Problem requirements: Leaving the pictures aside, repeat each line below exactly.

Information provided:
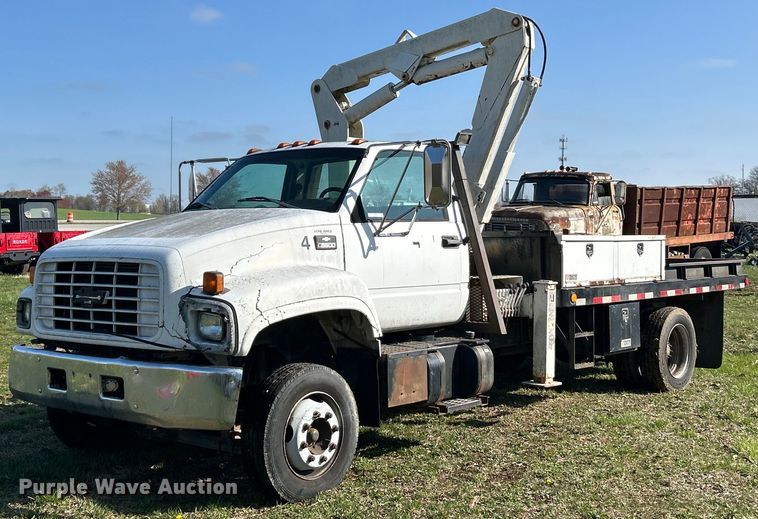 1999 Chevrolet C5500 flatbed truck - EK2828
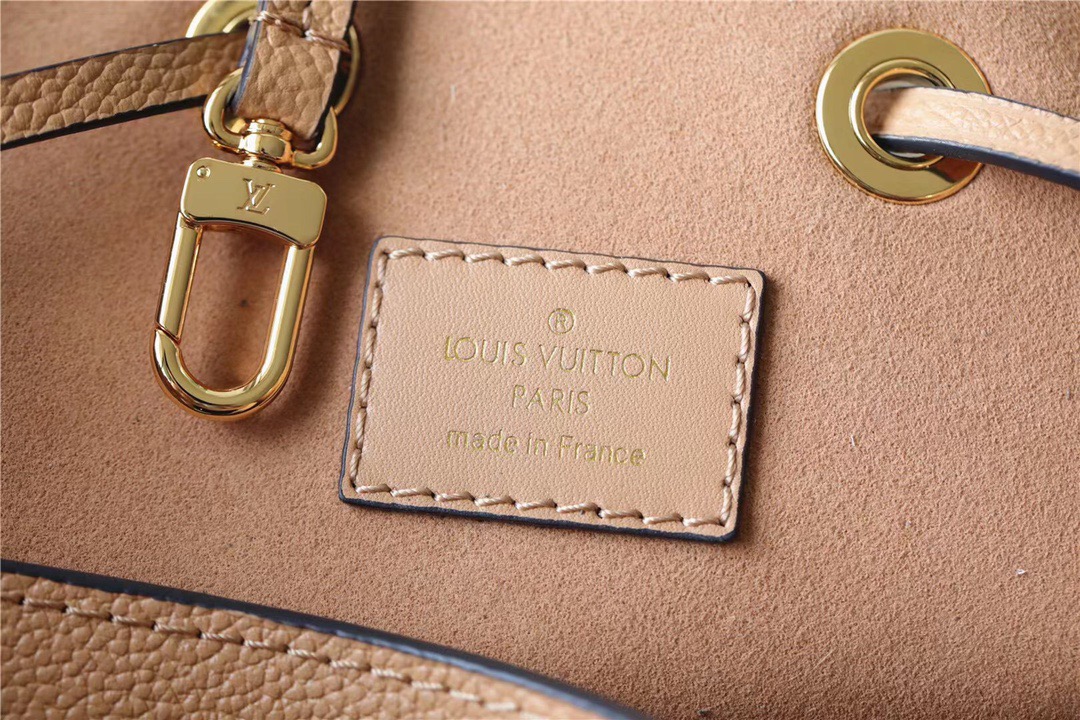 Louis Vuitton NeoNoe MM Monogram Empreinte Arizona Beige / Cream For Women, Women’s Handbags 10.2in/26cm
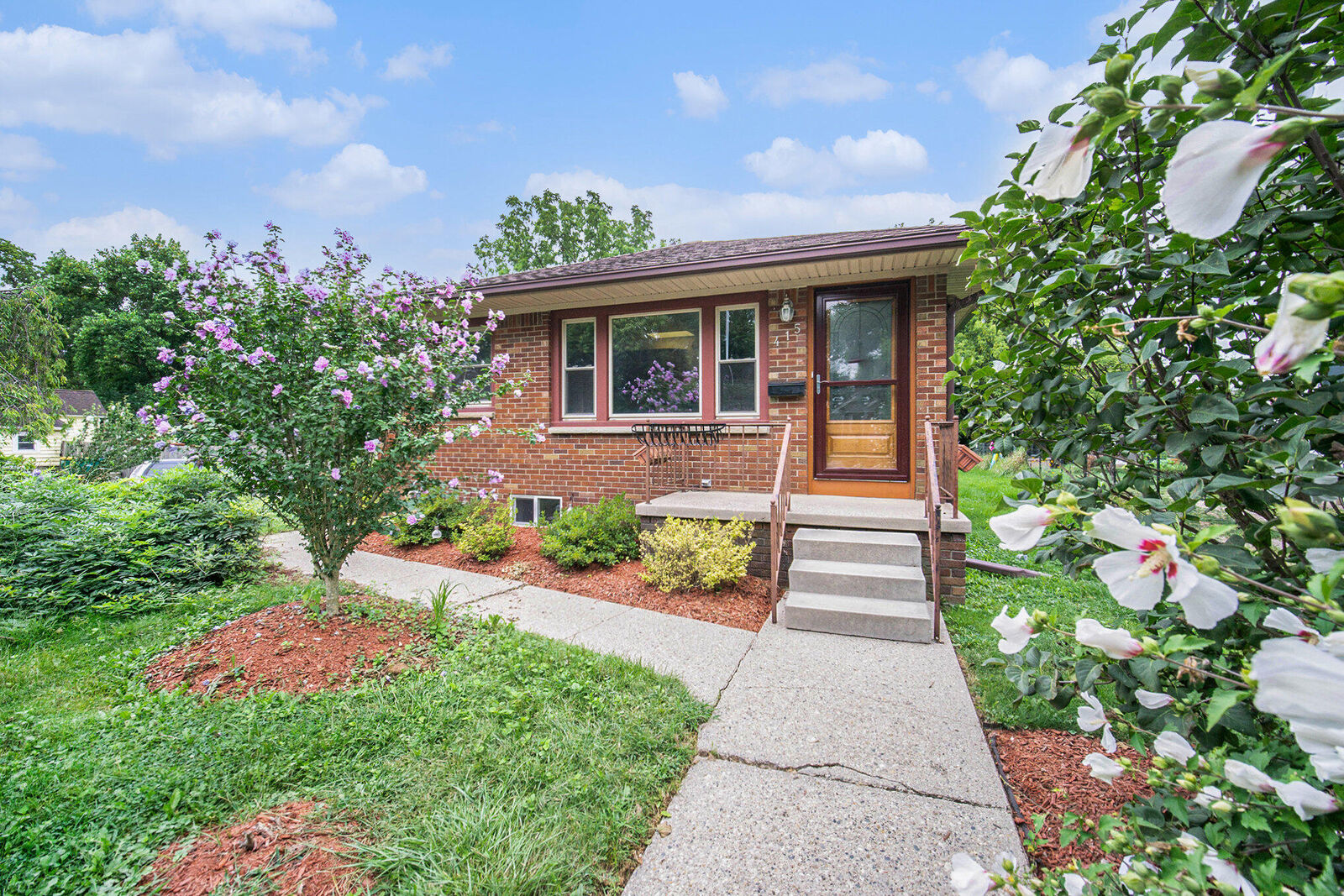 Property Photo:  415 N Ann Arbor Street  MI 48176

Result of the task:
 1999 Chevrolet C5500 flatbed truck - EK2828
 Louis Vuitton NeoNoe MM Monogram Empreinte Arizona Beige / Cream For Women, Women’s Handbags 10.2in/26cm
 Property Photo:  415 N Ann Arbor Street  MI 48176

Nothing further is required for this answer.